IgQUAST evaluates repertoire with respect of ideal repertoire (e.g., in case of simulated repertoire) in terms of sensitivity (the measure of the representation of the ideal clusters by the constructed clusters) and specificity (the error rate of the incorrectly merged clusters of the ideal repertoire):

Metric name Description
# original clusters Number of clusters in ideal repertoire.
# not merged Number of non-trivial clusters in the original repertoire that contain multiple clusters in the constructed repertoire. For a correctly constructed repertoire, the value of #this metric is 0.
# not merged (not trivial + singletons) Number of not merged clusters that are formed by a single non-trivial cluster and a number of singletons in the constructed repertoire.
# original singletons number of singletons in ideal repertoire.
max original cluster Size of maximal cluster from ideal repertoire.
# constructed clusters Number of constructed clusters.
# errors Number of constructed clusters that contain reads from more than one original cluster. For the correctly constructed repertoire, this metric is 0.
# constructed singletons Number of constructed singleton clusters.
max constructed cluster size of maximal constructed cluster.
avg fill-in The value of avg fill-in for an original cluster C is computed as the ratio of the size of its largest non-erroneous subcluster in the constructed repertoire to the size of C.
fill-in of max cluster Maximal cluster of the original repertoire corresponds to the most frequent monoclonal antibodies. This metric is equal to the fill-in of the maximal original cluster.
correct singletons (%) Some singletons in the constructed repertoire can be false due to insufficient error correction. This metric shows percentage of true singletons in the constructed repertoire.
used reads (%) Percentage of reads used in the repertoire reconstruction.
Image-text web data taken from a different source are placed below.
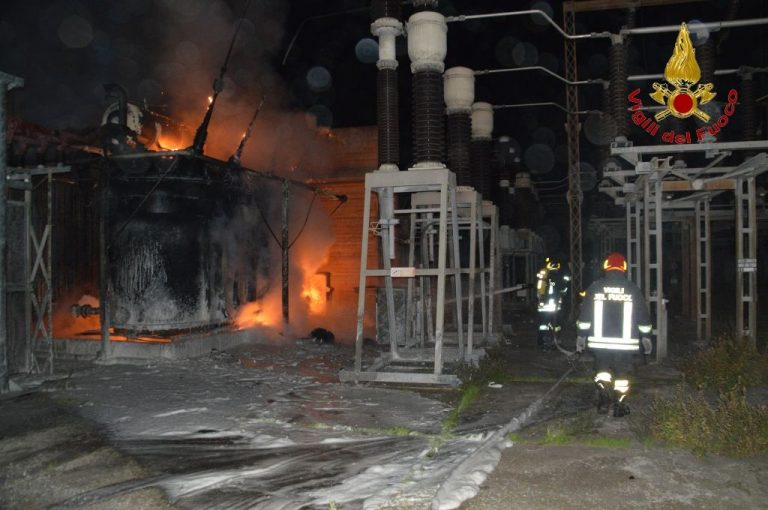 CATANIA: In fiamme trasformatore dell’Enel, al buio il centro storico - LE FOTO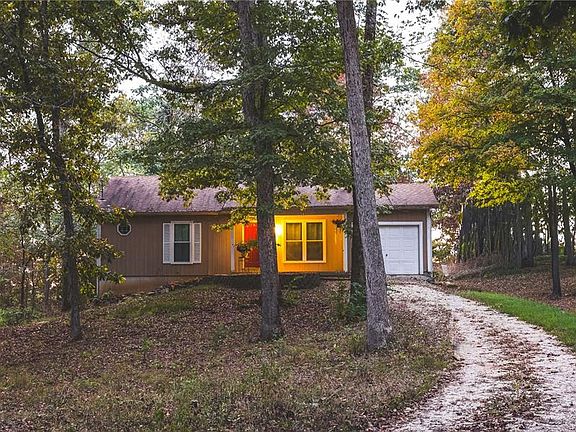 2nd image of 452 Riverdale Way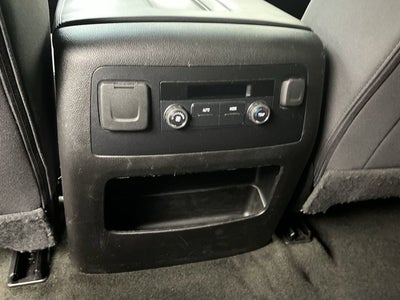 2018 Chevrolet Suburban LS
This metric shows how well the reads have been utilized for reconstructing repertoires.
#lost clusters Number of original clusters that were completely lost in the constructed repertoire.
lost clusters size (%) Percentage of the lost clusters size as compared to full size of original repertoire.
min/avg/max percentage of identity (%) Minimal/average/maximal percentage of identity between sequences of clusters from original repertoire and corresponding clusters in constructed repertoire (corresponding cluster from constructed repertoire selected as a cluster that have most shared reads with cluster in original repertoire).